Repeat exactly the lines below from the line that contains "Aracari de pico" to the last line, inclusive, without the pictures.

======== Records provided ========

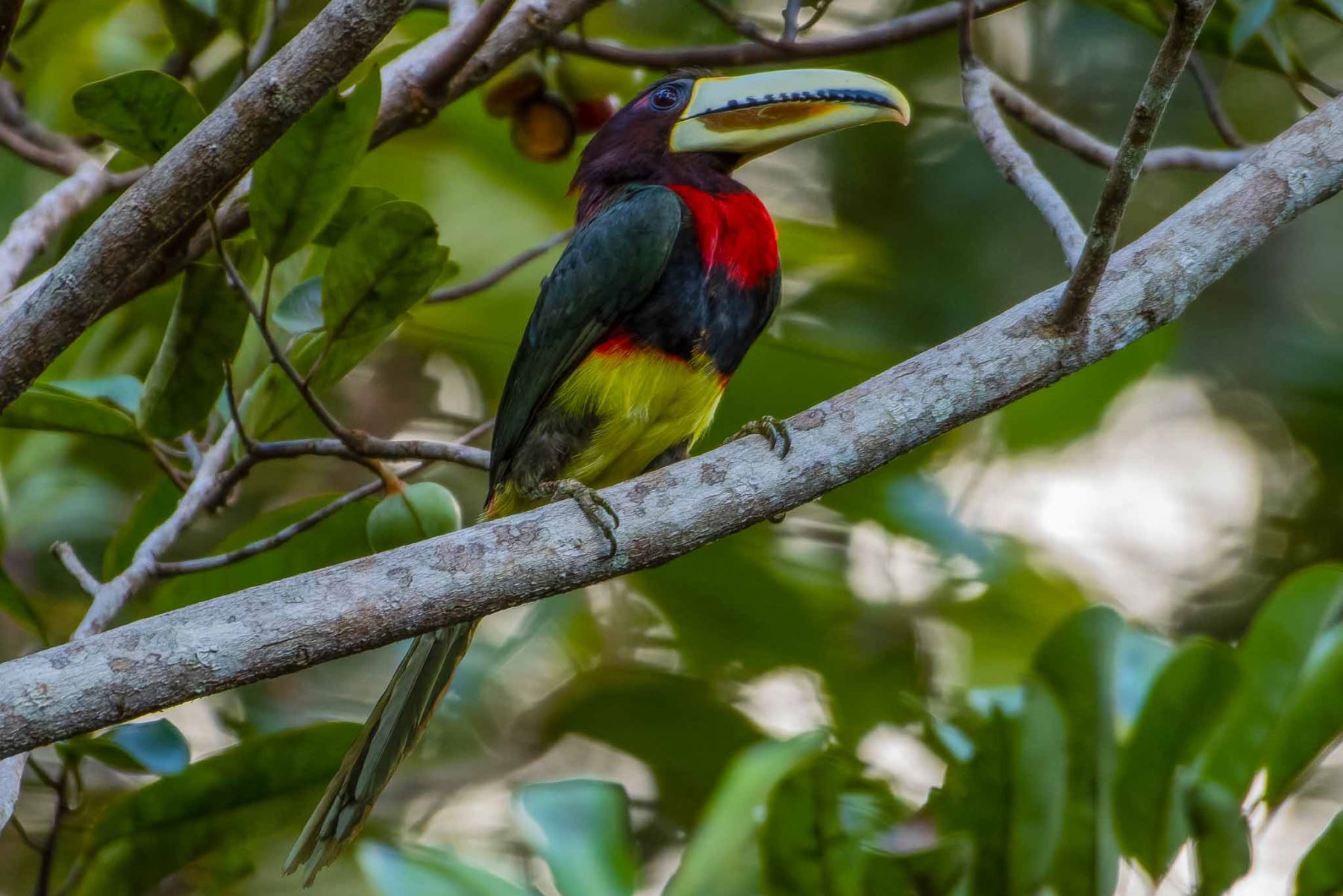 Pteroglossus azara
Aracari de pico de marfil. La Reserva Nacional Allpahuayo Mishana está situada en el departamento de Loreto, entre el km 23 y el km 31.5 de la carretera Iquitos-Nauta, cerca de la ciudad de Iquitos, y en la cuenca media del río Nanay. Su estratégica ubicación en la Amazonía peruana la convierte en un tesoro natural.
Foto: Sernanp/ Gino Tuesta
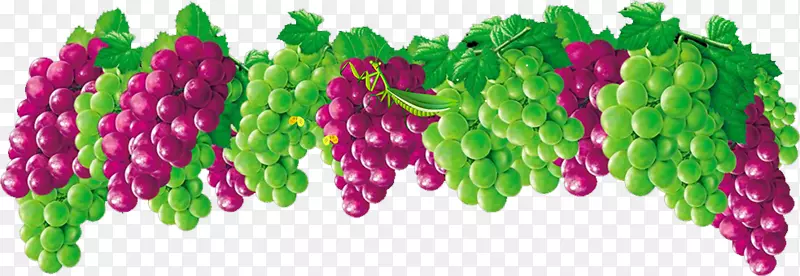 水果葡萄免费提供的食物-葡萄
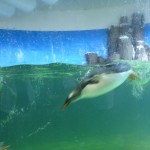 Pinguïn
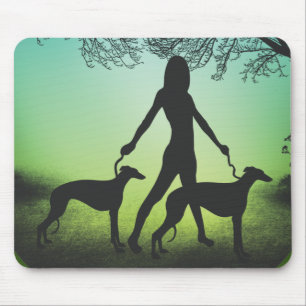 Greyhound Walk Musmatta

========

Task result:
Aracari de pico de marfil. La Reserva Nacional Allpahuayo Mishana está situada en el departamento de Loreto, entre el km 23 y el km 31.5 de la carretera Iquitos-Nauta, cerca de la ciudad de Iquitos, y en la cuenca media del río Nanay. Su estratégica ubicación en la Amazonía peruana la convierte en un tesoro natural.
Foto: Sernanp/ Gino Tuesta
 水果葡萄免费提供的食物-葡萄
 Pinguïn
 Greyhound Walk Musmatta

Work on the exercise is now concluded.